Singapore - Challenges and Progress in Bioacoustics

Introduction

This report synthesizes the current literature on training bird sound classification models in data-sparse regional contexts with an emphasis on Singapore or similar Southeast Asian biodiversity hotspots. Overall, the reviewed literature indicates that while many studies develop robust machine learning frameworks using deep convolutional neural networks (CNNs), transfer learning, and semi-supervised techniques for bird sound classification, only a subset of these works explicitly focus on or have been evaluated using Singapore-specific soundscape recordings.

1. General Frameworks and Methods in Data-Sparse Contexts

A number of recent studies address the common challenges inherent in bioacoustic monitoring when labeled audio data are scarce. Researchers have proposed solutions that leverage transfer learning from large global datasets, employ data augmentation techniques, and utilize weak or semi-supervised learning approaches to overcome the limited availability of high-quality regional audio samples. For example, Bellafkir et al. (2023) describe a CNN-based approach that uses data augmentation methods such as the addition of background noise and selective mixup to mitigate class imbalances that naturally arise in long-tail distributions. Their methodology—developed originally for challenging soundscapes that include overlapping environmental noises and weak labels—is broadly applicable to scenarios with limited training data, such as those encountered in Southeast Asian urban and forest environments.

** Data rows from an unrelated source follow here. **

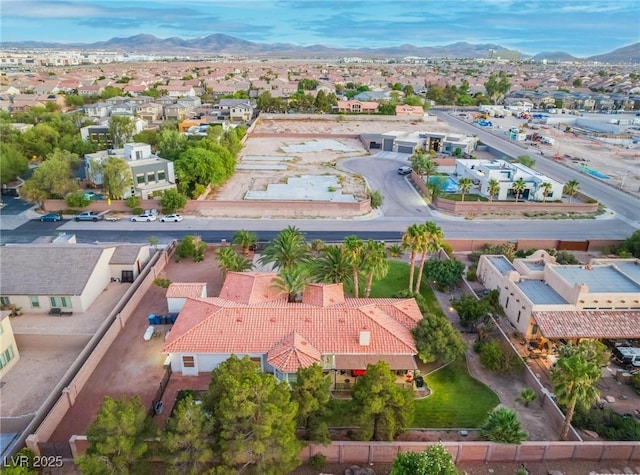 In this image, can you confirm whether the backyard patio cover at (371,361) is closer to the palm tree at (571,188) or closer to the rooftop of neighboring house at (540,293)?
the rooftop of neighboring house at (540,293)

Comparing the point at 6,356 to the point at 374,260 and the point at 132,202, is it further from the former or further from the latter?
the point at 132,202

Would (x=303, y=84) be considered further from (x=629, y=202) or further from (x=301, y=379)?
(x=301, y=379)

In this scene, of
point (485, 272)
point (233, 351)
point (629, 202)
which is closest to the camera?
point (233, 351)

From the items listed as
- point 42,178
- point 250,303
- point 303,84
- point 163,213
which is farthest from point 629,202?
point 303,84

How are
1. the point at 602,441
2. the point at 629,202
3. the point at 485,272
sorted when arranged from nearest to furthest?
the point at 602,441
the point at 485,272
the point at 629,202

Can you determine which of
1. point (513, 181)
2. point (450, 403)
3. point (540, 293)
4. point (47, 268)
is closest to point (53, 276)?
point (47, 268) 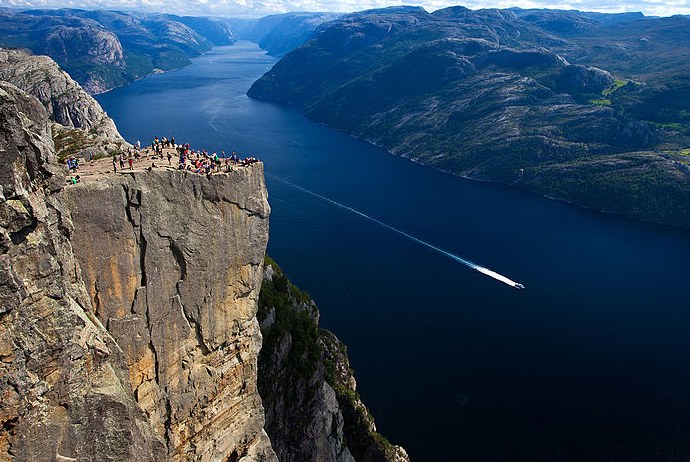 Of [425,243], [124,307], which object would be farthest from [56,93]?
[425,243]

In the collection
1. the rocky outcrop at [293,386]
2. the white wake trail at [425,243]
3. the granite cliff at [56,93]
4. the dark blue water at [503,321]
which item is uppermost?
the granite cliff at [56,93]

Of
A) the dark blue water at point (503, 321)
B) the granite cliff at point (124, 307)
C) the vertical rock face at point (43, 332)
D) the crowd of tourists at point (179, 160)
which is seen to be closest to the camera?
the vertical rock face at point (43, 332)

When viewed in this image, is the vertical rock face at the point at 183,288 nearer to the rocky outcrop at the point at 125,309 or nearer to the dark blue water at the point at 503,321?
the rocky outcrop at the point at 125,309

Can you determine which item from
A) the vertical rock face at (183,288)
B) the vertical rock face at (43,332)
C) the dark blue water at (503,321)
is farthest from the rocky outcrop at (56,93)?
the vertical rock face at (43,332)

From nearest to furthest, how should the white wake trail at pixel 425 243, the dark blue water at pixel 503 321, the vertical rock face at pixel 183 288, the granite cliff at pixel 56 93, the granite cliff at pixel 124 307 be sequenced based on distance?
the granite cliff at pixel 124 307, the vertical rock face at pixel 183 288, the granite cliff at pixel 56 93, the dark blue water at pixel 503 321, the white wake trail at pixel 425 243

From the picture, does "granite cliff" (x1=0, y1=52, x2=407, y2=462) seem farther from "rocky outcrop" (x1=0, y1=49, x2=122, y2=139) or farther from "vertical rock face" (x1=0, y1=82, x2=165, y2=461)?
"rocky outcrop" (x1=0, y1=49, x2=122, y2=139)

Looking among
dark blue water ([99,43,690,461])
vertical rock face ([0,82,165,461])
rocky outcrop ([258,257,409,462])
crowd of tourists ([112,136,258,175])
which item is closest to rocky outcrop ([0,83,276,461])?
vertical rock face ([0,82,165,461])

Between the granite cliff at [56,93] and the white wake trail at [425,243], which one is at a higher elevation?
the granite cliff at [56,93] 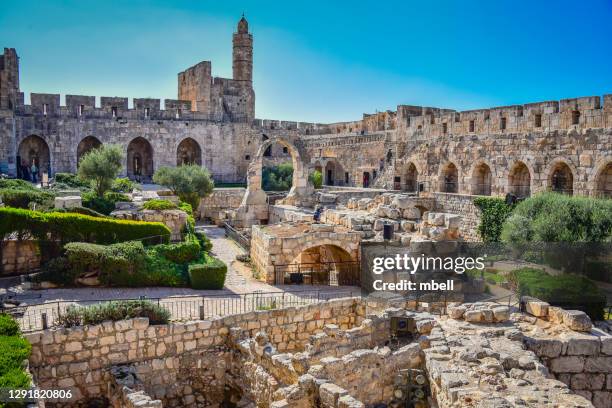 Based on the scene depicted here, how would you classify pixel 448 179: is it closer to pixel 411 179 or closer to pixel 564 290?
pixel 411 179

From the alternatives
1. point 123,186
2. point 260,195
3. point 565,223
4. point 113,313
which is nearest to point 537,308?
point 565,223

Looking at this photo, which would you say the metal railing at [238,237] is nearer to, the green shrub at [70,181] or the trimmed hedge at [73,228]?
the trimmed hedge at [73,228]

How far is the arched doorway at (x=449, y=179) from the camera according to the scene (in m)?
27.6

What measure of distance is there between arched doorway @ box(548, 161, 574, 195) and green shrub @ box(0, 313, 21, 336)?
20.1 m

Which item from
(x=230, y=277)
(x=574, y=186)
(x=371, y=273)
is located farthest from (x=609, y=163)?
(x=230, y=277)

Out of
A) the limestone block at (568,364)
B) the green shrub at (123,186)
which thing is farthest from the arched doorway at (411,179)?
the limestone block at (568,364)

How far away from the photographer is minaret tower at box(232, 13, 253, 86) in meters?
37.7

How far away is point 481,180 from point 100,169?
17664 millimetres

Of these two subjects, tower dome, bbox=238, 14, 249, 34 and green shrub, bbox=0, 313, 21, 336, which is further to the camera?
tower dome, bbox=238, 14, 249, 34

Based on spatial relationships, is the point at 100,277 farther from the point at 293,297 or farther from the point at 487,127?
the point at 487,127

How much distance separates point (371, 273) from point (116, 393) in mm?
7097

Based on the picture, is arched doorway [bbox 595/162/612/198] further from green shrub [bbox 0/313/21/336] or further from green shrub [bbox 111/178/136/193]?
green shrub [bbox 111/178/136/193] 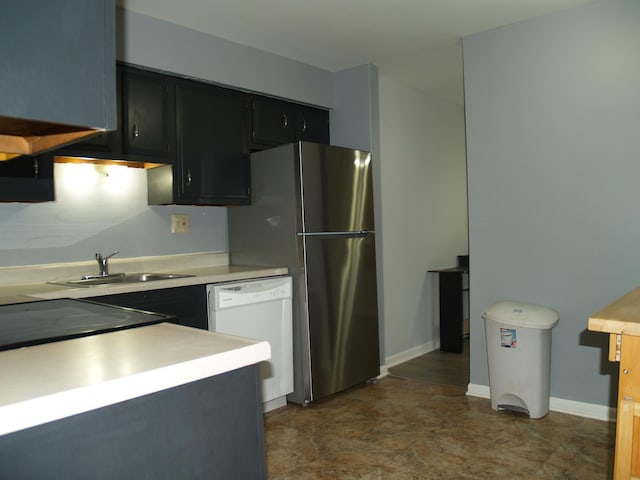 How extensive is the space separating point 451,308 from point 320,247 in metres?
1.87

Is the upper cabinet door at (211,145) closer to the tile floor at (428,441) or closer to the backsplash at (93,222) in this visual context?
the backsplash at (93,222)

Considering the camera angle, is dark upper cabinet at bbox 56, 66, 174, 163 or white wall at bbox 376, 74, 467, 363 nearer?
dark upper cabinet at bbox 56, 66, 174, 163

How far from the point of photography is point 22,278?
2.77 metres

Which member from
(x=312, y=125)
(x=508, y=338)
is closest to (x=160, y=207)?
(x=312, y=125)

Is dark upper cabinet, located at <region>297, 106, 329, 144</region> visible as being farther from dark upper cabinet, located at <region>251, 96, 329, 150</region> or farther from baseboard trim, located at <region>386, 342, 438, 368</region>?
baseboard trim, located at <region>386, 342, 438, 368</region>

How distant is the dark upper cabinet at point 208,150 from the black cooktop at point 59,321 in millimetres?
1554

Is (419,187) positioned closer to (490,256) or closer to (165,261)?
(490,256)

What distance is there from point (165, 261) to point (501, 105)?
239cm

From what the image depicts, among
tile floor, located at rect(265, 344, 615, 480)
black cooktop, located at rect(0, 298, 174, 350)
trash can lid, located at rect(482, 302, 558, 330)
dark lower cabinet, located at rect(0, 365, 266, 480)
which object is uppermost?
black cooktop, located at rect(0, 298, 174, 350)

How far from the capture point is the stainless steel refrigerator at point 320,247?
3.33 meters

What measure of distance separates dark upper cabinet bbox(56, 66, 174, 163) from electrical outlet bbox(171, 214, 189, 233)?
48cm

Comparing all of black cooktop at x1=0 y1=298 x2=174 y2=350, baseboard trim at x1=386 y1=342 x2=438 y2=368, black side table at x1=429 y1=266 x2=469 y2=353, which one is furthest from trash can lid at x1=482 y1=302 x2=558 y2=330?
black cooktop at x1=0 y1=298 x2=174 y2=350

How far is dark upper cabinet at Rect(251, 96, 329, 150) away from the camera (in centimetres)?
367

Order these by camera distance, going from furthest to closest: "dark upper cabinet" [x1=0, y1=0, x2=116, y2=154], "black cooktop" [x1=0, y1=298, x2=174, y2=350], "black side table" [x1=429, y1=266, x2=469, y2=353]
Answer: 1. "black side table" [x1=429, y1=266, x2=469, y2=353]
2. "black cooktop" [x1=0, y1=298, x2=174, y2=350]
3. "dark upper cabinet" [x1=0, y1=0, x2=116, y2=154] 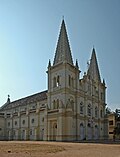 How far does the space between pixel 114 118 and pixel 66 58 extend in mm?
38550

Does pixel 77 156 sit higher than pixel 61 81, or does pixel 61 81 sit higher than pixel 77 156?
→ pixel 61 81

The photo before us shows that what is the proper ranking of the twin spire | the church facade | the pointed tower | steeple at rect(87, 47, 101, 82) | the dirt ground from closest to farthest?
the dirt ground, the pointed tower, the church facade, the twin spire, steeple at rect(87, 47, 101, 82)

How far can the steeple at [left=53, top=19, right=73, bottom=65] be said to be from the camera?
182 ft

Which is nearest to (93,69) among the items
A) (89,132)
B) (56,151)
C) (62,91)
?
(89,132)

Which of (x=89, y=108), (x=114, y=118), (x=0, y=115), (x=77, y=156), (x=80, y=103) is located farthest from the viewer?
(x=114, y=118)

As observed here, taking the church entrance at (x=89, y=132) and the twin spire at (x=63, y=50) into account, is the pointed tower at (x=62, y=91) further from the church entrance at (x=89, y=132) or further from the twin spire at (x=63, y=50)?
the church entrance at (x=89, y=132)

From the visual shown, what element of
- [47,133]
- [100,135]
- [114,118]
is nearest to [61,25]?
[47,133]

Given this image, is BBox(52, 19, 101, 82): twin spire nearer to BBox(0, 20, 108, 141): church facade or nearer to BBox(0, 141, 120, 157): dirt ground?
BBox(0, 20, 108, 141): church facade

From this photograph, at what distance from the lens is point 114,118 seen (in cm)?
8375

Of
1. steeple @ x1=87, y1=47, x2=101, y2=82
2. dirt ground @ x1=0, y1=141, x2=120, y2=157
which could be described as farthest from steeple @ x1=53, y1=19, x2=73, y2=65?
dirt ground @ x1=0, y1=141, x2=120, y2=157

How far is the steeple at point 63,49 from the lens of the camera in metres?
55.5

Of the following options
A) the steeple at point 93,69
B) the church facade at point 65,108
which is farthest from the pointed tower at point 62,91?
the steeple at point 93,69

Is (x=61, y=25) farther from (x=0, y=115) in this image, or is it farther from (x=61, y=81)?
(x=0, y=115)

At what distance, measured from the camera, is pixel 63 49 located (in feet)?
184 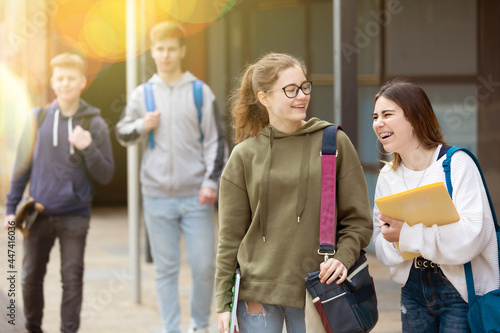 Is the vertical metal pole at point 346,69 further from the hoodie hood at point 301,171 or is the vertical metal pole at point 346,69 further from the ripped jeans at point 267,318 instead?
the ripped jeans at point 267,318

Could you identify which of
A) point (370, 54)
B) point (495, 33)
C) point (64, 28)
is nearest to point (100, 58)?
point (64, 28)

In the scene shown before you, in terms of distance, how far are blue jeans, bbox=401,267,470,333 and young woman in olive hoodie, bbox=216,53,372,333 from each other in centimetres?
26

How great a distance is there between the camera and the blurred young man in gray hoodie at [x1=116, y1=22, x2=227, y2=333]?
17.3ft

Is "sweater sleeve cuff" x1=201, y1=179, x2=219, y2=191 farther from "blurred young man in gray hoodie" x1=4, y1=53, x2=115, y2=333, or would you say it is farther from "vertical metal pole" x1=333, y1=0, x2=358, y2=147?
"vertical metal pole" x1=333, y1=0, x2=358, y2=147

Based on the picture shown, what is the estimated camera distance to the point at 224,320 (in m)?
3.01

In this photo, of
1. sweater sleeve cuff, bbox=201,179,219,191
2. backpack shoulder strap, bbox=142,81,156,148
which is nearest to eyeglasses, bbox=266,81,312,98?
sweater sleeve cuff, bbox=201,179,219,191

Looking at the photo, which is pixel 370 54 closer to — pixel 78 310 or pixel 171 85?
pixel 171 85

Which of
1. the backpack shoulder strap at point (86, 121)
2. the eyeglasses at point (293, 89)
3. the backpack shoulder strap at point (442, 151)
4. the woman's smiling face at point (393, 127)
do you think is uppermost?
the eyeglasses at point (293, 89)

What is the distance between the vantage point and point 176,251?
5.34 meters

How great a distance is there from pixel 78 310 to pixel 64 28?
10767mm

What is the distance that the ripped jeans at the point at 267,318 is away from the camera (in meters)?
2.98

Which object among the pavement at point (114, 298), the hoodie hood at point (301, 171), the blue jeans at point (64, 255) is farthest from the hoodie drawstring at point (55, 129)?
the hoodie hood at point (301, 171)

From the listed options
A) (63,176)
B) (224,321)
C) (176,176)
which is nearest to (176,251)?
(176,176)

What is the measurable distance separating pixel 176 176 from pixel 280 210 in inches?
93.8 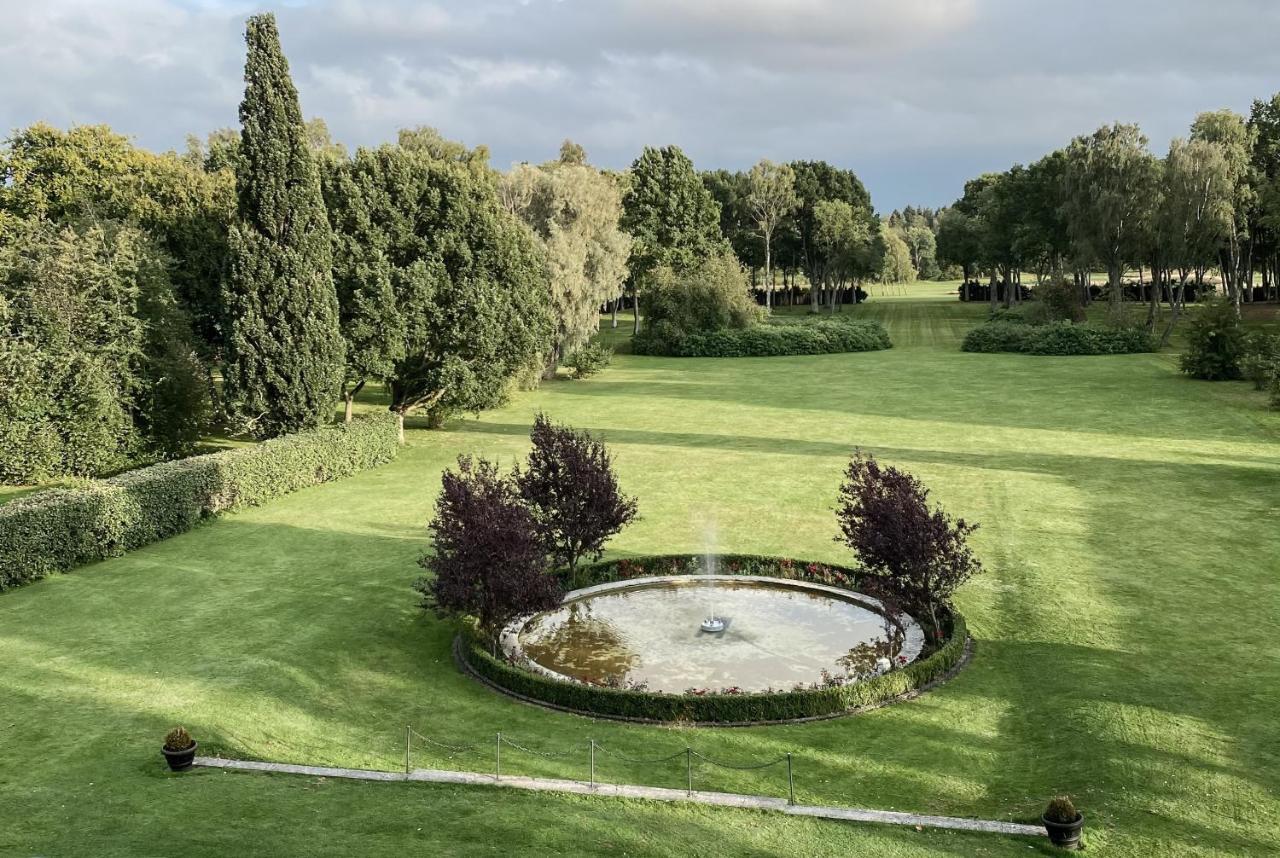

Deep transfer learning has been widely adopted to address the data limitation problem. Das et al. (2023) review various CNN architectures, including ResNet, Inception-v3, VGG, MobileNet, DenseNet, and EfficientNet, and detail how pre-trained networks (often on large-scale image or audio datasets) can be fine-tuned on much smaller regional datasets. These approaches considerably reduce the need for large quantities of labeled examples and decrease the training time while improving accuracy. Although the reviewed literature does not always include explicit evaluations using Singapore-specific data, the underlying methodologies show promise for adaptation to any data-sparse, biodiversity-rich region.

In addition to transfer learning, several groups have explored semi-supervised and weakly supervised approaches. For instance, Caprioli's (2022) work on semi-supervised classification using the FixMatch algorithm demonstrates that even with as few as 11 labeled samples per class, significant accuracy improvements can be attained compared to purely supervised baselines. These techniques are particularly relevant in contexts where field-collected labeled audio is extremely limited, such as in remote or urban ecosystems.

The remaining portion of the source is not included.